Awear Solutions is using technology to build a frequent flyer program for fashion.
Liron Slonimsky and Oren Zoner, cofounders and cochief executive officers of the technology company — which has developed a button-sized, low-energy bluetooth chip and a corresponding app — want to help brands engage in a two-way dialogue with consumers while also gathering valuable intelligence.
The smart tag developed by the company and embedded into a purchase can communicate with the app, if users choose to opt in.
“The brand incentivizes [customers] to do whatever they are doing, but [while] carrying the product. Regular consumers are already the brand ambassadors,” Slonimsky said. By using the technology, brands can offer customers perks for taking looks out of the closet, including discounts on future purchases to access to pre-sales. “Essentially, it’s mobilizing consumers in a way that brands have mobilized bloggers, but at a larger scale.”
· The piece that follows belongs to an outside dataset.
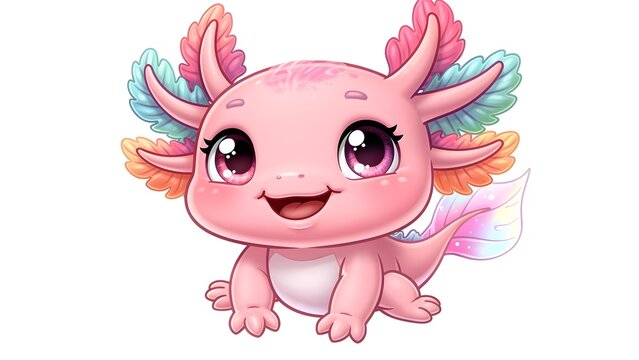 Adorable pink axolotl cartoon character with colorful gills and friendly expression, isolated on white background.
The venture has raised a seed round of over $1 million from angel investors in New York City and Slonimsky and Zoner’s native Israel, including lead investor Eddy Shalev, founder of Genesis Partners, a leading venture capital firm in Herzliya, Israel. Slonimsky said she will start raising a Series A shortly. Awear did a pilot with a U.K.-based accessories company a few months ago and just signed their first U.S. brand to debut the technology this fall.
“It makes the brand and consumer relationship an active one, not a passive one,” said Aliza Licht, a strategic advisor for the company, who stressed that data is being collected about the product, not the customer. “It’s information for the brands. They detect the popularity of different styles, colors and models in different locations and different use cases.”
Beyond the gathering of data, Awear wants to extend the conversation with the consumer throughout the product’s life cycle. Most communication with the shopper stops after the item leaves the store, and Slonimsky wants to change this. While the technology does not collect any consumer information — users don’t provide their e-mail or sign in with social media — the Awear app is able to locate the smart product and communicate with the unique tag.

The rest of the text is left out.